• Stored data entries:
────────────────────────────────────────

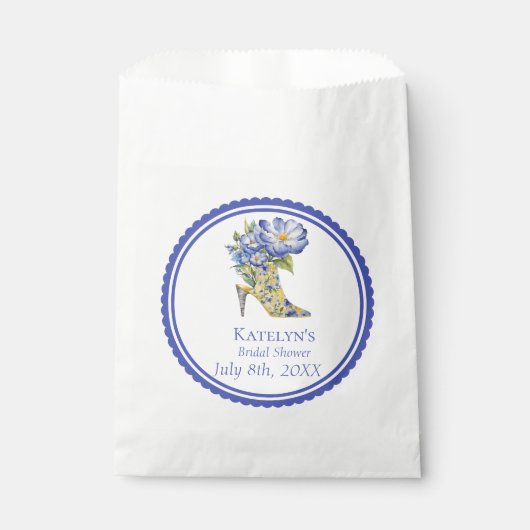 Modern Elegant Chinoiserie Floral High-Heel Event Bedankzakje (Voorkant)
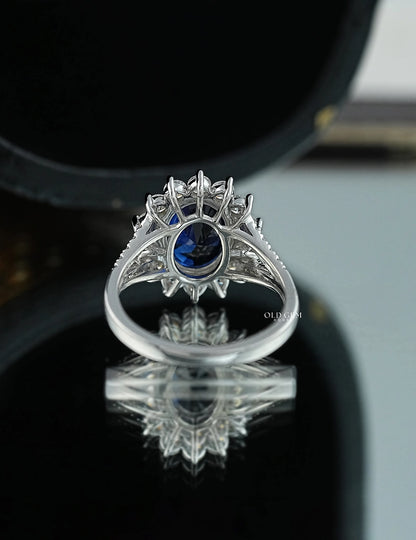 Blue Sapphire Oval Cut Halo Accent Engagement Ring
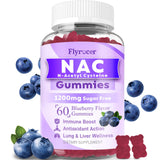 Flyrocer NAC Gummies, botella azul, sabor arándano, apoyo antioxidante diario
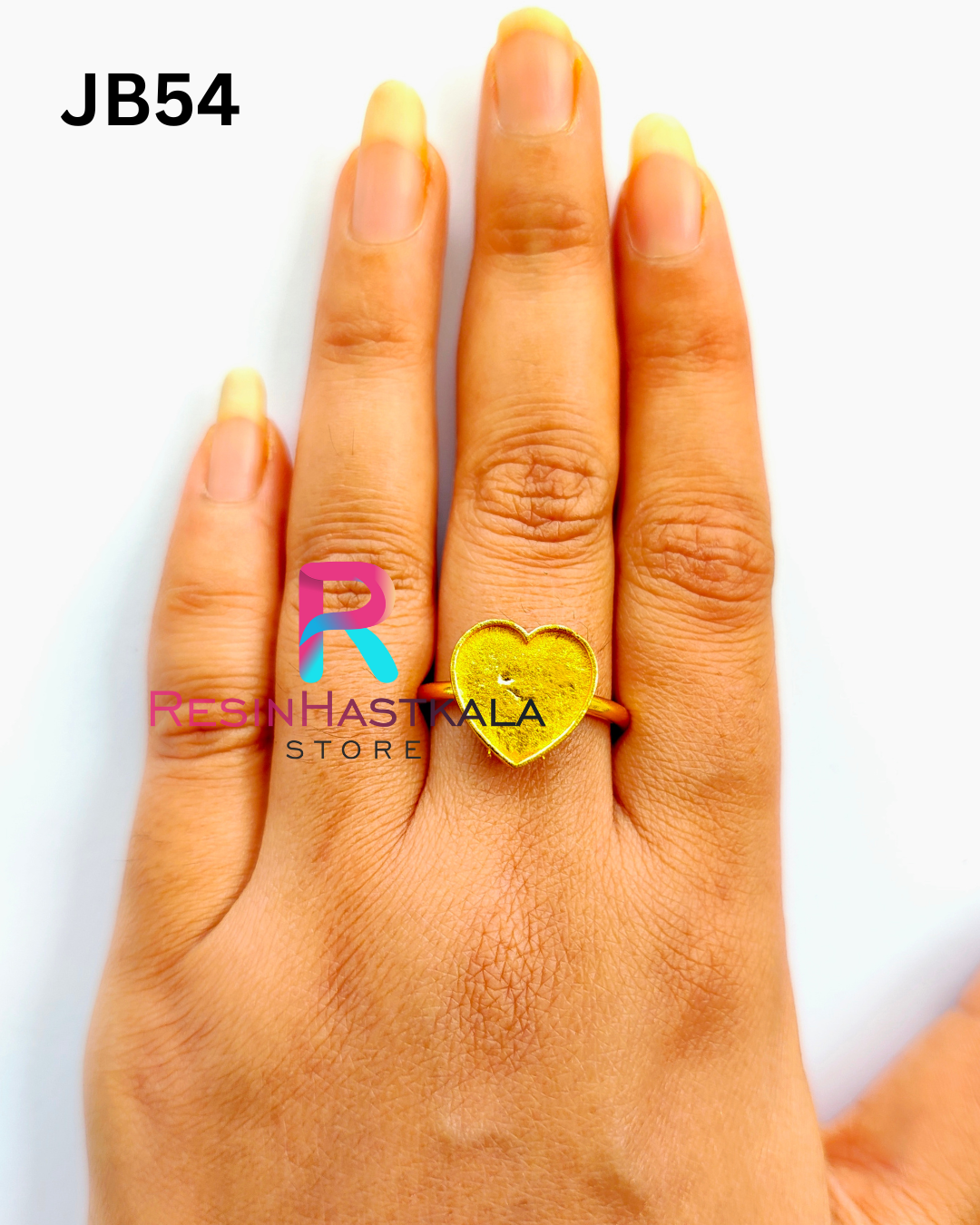 Small Golden Heart Finger Ring Bezel (Indian Quality) (JB54)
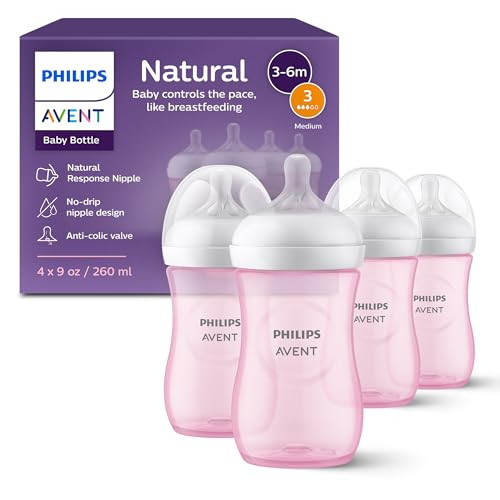 Philips Avent Natural Baby Bottles with Natural Response Nipples (Medium Flow, Flow 3), 9oz, Pink, 4-Pack, SCY903/14 | Amazon (US)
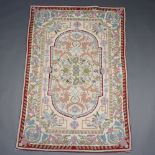 A floral stitched Kashmiri panel 180cm x 114cm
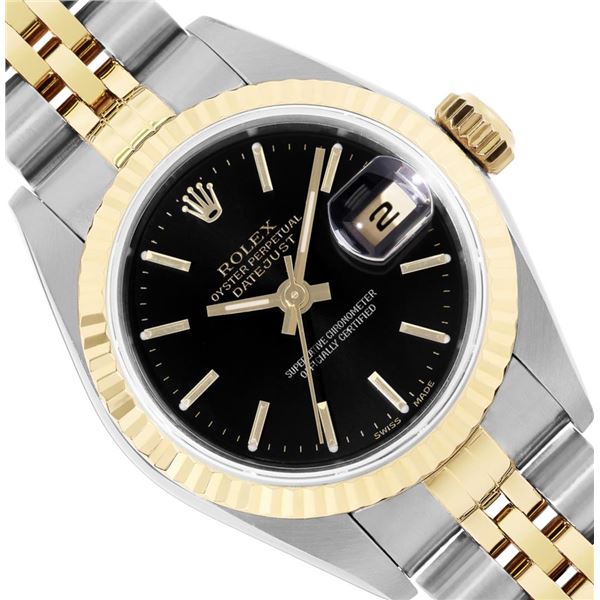 Rolex Ladies 18K Two Tone Gold And Steel Black Index 18K Yellow Gold Fluted Beze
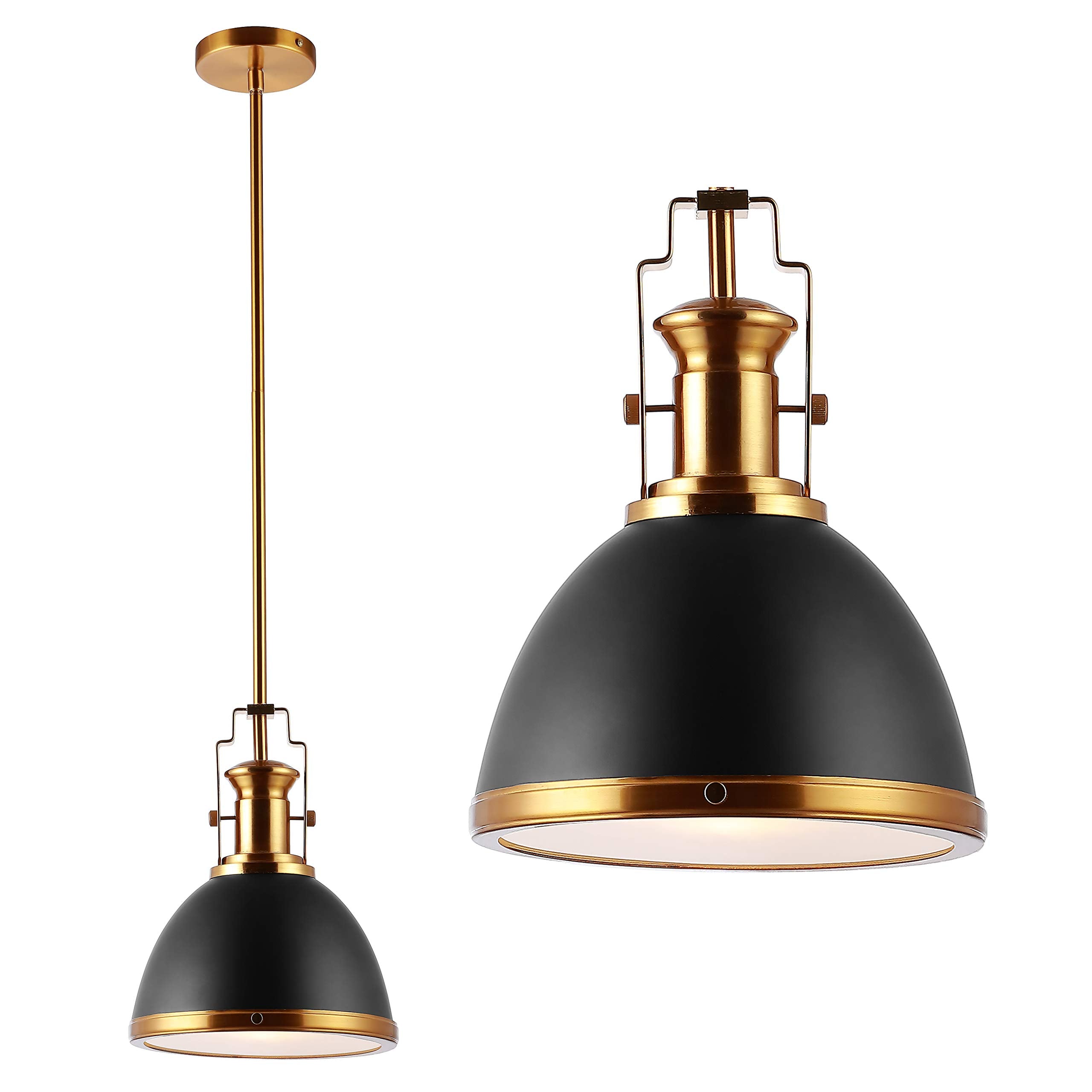 13" 1-Light Modern Industrial Iron LED Dome Pendant, Classic, Cottage, Farmhouse, Industrial, Rustic, Transitional, Office, Living Room, Kitchen, Foyer, Black/Brass Gold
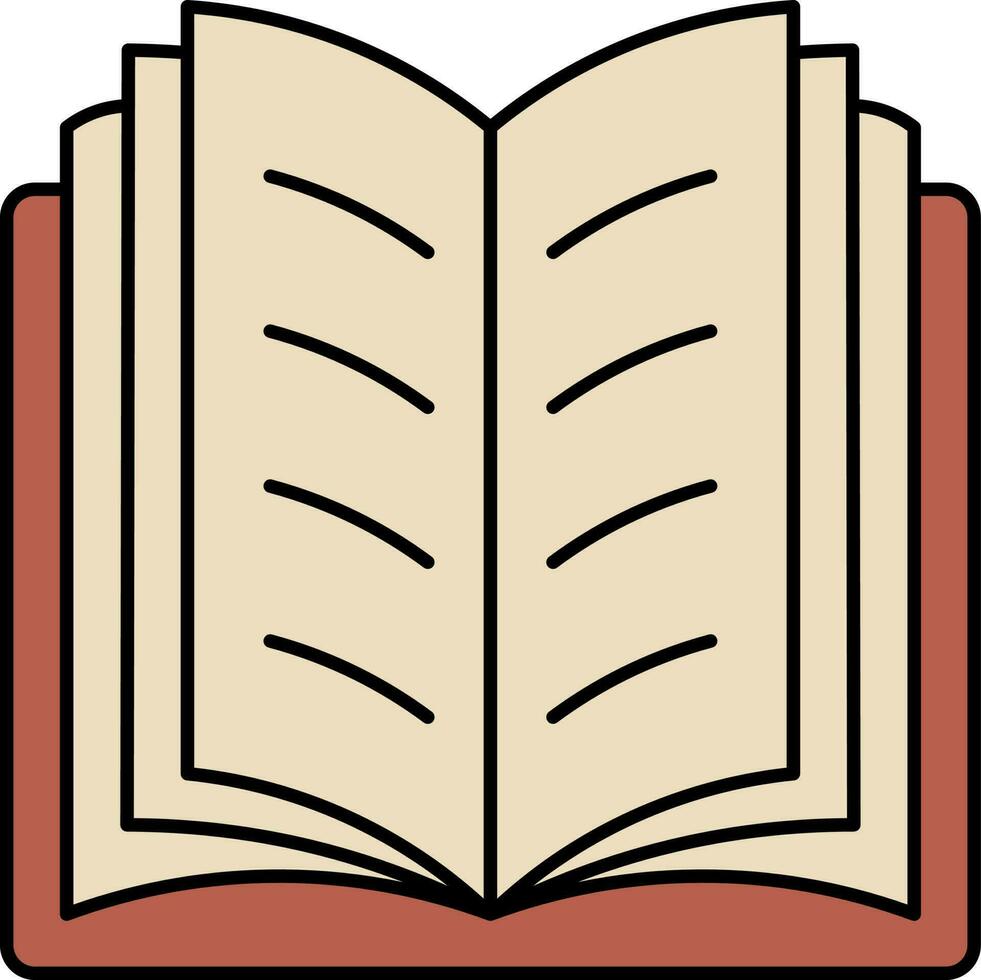 abierto libro icono en marrón color. vector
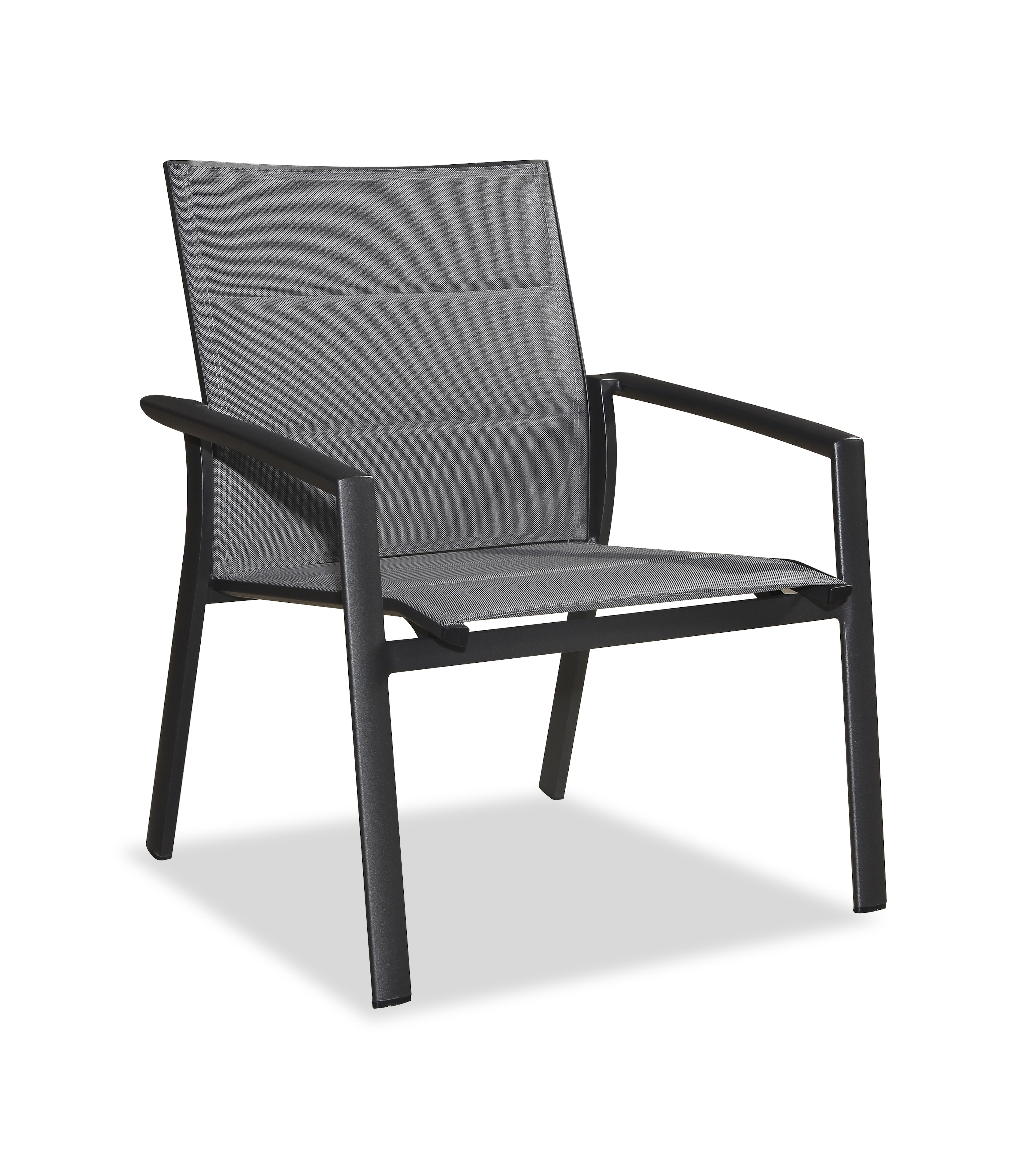 Gartenstuhl, Metallrahmen, Stoffnetz, Grau, Armlehnen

────────────────────────────────────────

• Problem description:
Lines from the one with "Philips Avent Natural" through the final line of the records are the whole answer; print them exactly, minus any pictures.

• Exercise output:
 Philips Avent Natural Baby Bottles with Natural Response Nipples (Medium Flow, Flow 3), 9oz, Pink, 4-Pack, SCY903/14 | Amazon (US)
 A floral stitched Kashmiri panel 180cm x 114cm
 Rolex Ladies 18K Two Tone Gold And Steel Black Index 18K Yellow Gold Fluted Beze
 13" 1-Light Modern Industrial Iron LED Dome Pendant, Classic, Cottage, Farmhouse, Industrial, Rustic, Transitional, Office, Living Room, Kitchen, Foyer, Black/Brass Gold
 abierto libro icono en marrón color. vector
 Gartenstuhl, Metallrahmen, Stoffnetz, Grau, Armlehnen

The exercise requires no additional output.